The tiltmeter at SDH has plummeted…
The tilt is shooting up now and not an immediate jump like a quake but a very steep angle, the ground is definitely moving a lot. Looks like a small intrusion did happen but failed fast and now pressure is increasing rapidly.
I wonder maybe, very unlikely but still interesting to speculate, but has a sill gone under HVO and into the area of dense swarming at the Kaoiki pali that has been prominent recently?
And we have an eruption 🙂
Massive fountains in Halemaumau now, probably over 100 meters when it first broke out and 30-50 right now. Already flooded probably 1/4 of the crater in under 10 minutes.

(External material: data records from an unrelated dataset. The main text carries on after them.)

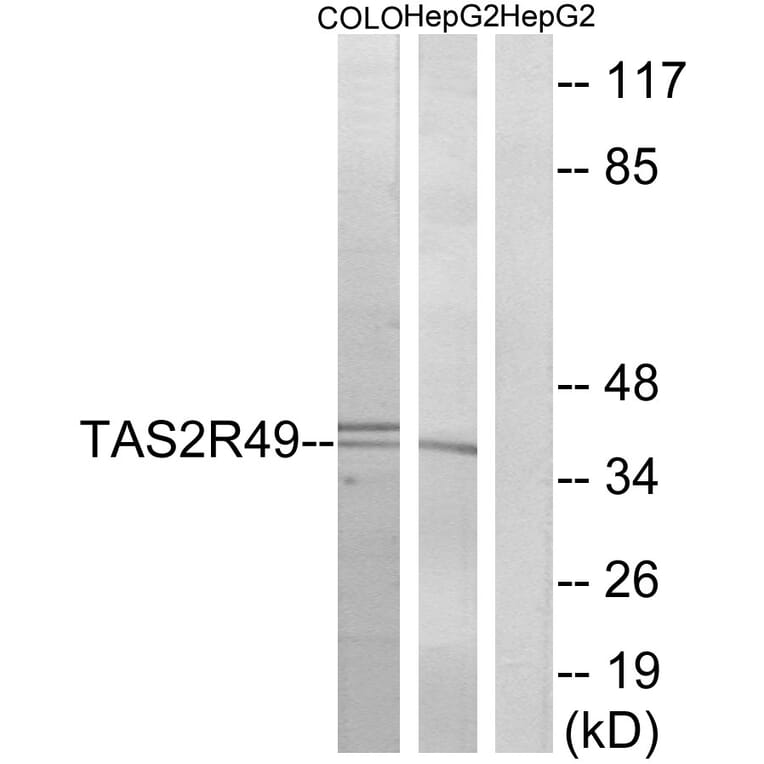 Western Blot - Anti-TAS2R49 Antibody (G759) - Antibodies.com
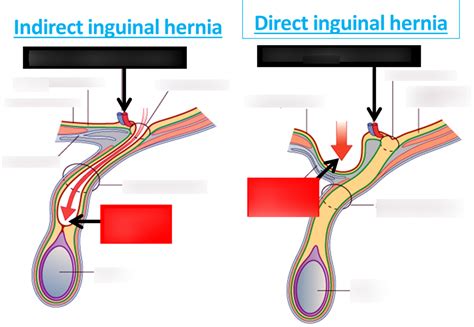 Indirect Inguinal Hernia Female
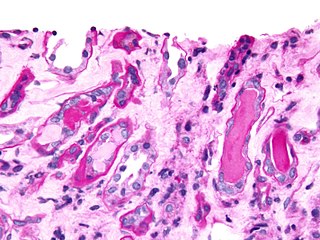 Micrograph showing myeloma cast nephropathy in a kidney biopsy: Hyaline casts are PAS positive (dark pink/red - right of image). Myelomatous casts are PAS negative (pale pink - left of image), PAS stain.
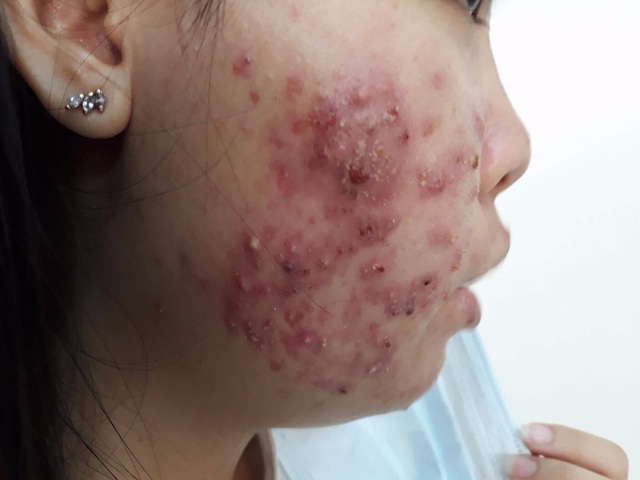 K&yacute; sinh tr&ugrave;ng đ&agrave;o hang khiến da mặt như bị mụn trứng c&aacute; - 1
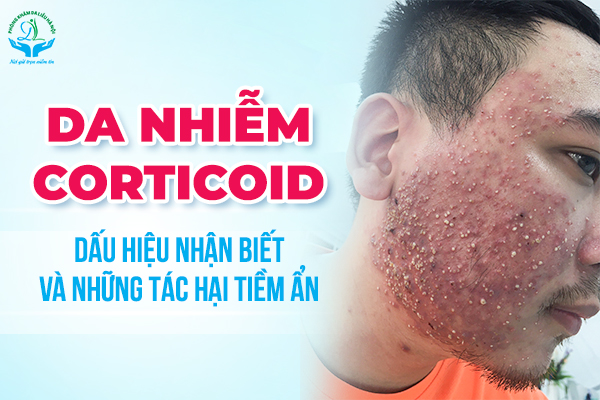 Cách nhận biết da nhiễm độc corticoid & tác hại corticoid 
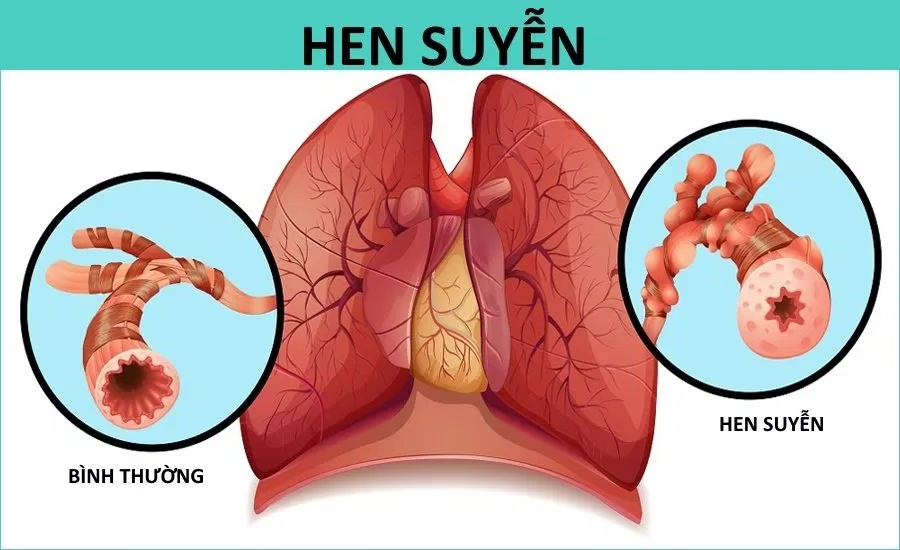 Hen suyễn là nỗi ám ảnh với nhiều người. Nhưng saffron có thể chữa khỏi nó Hen suyễn là nỗi ám ảnh với nhiều người. Nhưng saffron có thể chữa khỏi nó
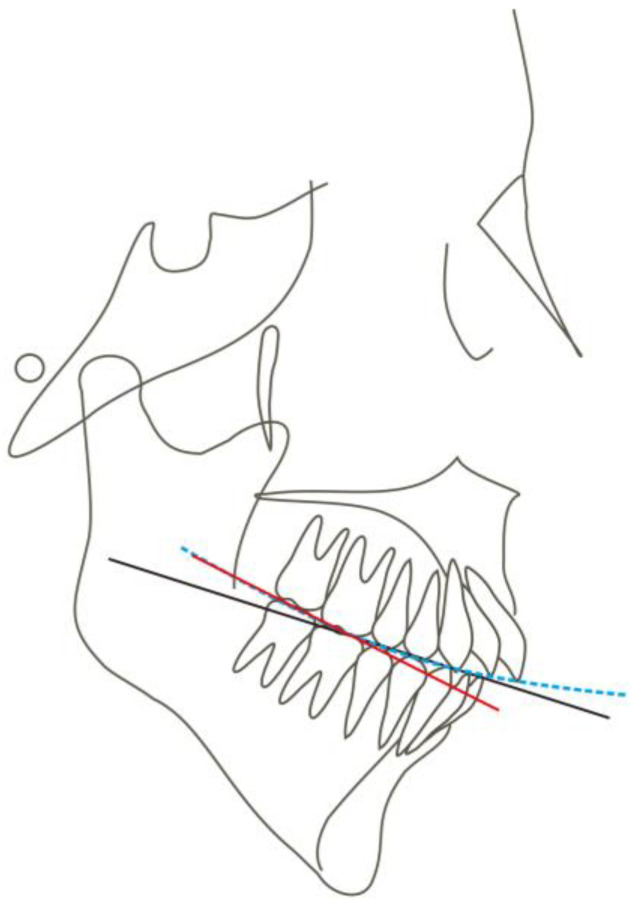 Figure 13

Seems bigger than the last two summit eruptions that took place
Yes the whole inner caldera is filled by sheet pahoehoe flood .. it broke through the floating stagant crust in many places too
Similar To the 1950 s and 1960 s intra halemaumau activity
Are these fountains going through almost 400 meters of pooled lava right ?
And there she blows
https://www.youtube.com/watch?v=Q5M-5XFplo0
The eruption started at 4:44 am HST
Great!!
The activity is in the crater itself and not on the ring fault. It is clear though that increased pressure in the crater caused movement on the northern ring fault
Very much like a fissure eruption in an Ionian Patera .. but on a much smaller scale. Gish Bar Patera maybe analougus filling
Has been 20 min and now most of the crater floor is flooded with lava, over 1 km2.
The tallest fountain now is about the same place that erupted first in January, and which became the main vent towards the end of that eruption. The place where the eruption actually first broke through now though was a new area between the 2021-23 lake basin and the 2020 tephra island, both if which may be no more by sunrise. Compared to the eruption in January this already looks much more powerful
https://fb.watch/l0mSfnJPy9/?mibextid=Nif5oz
Live on site of the eruption starting, the fountains are way taller than I thought probably going over 200 meters at the start.
Go a couple minutes in and the lava is gushing like a waterfall into the January lake basin, i think it gives a good visual of what the Pillan Patera eruption might have loomedlike, although the fountains there would be relatively alot smaller due to distance.
Looked like ? : D Pillan lava falls was stuff that makes niagara seems invisible:)
Coffee time has ended. Back to hot stuff: new post is up
https://www.volcanocafe.org/ongoing-intrusion-at-kilauea-possibly-in-the-ring-fault-could-an-explosive-eruption-happen/
I dont think this webcam will have much longer left in this world. Was a good run. RIP B1 cam
My favorites are Kenyan, Sumatran and Ethiopian coffee, in about that order.
All lands with large volcanoes. Much Kenyan coffee is grown on the slopes of Mt. Kenya.
My favourite coffee is Ethiopian Yirgachefe, which has a completely different aroma (moreover, it feels that it has many overlapping, distinct aromas) that any other coffee I have tasted.
BTW, reading above, I understand now why the used coffee grounds are also a good fertilizer. Funny to think that the extra growth power for my garden comes from tropical volcanoes.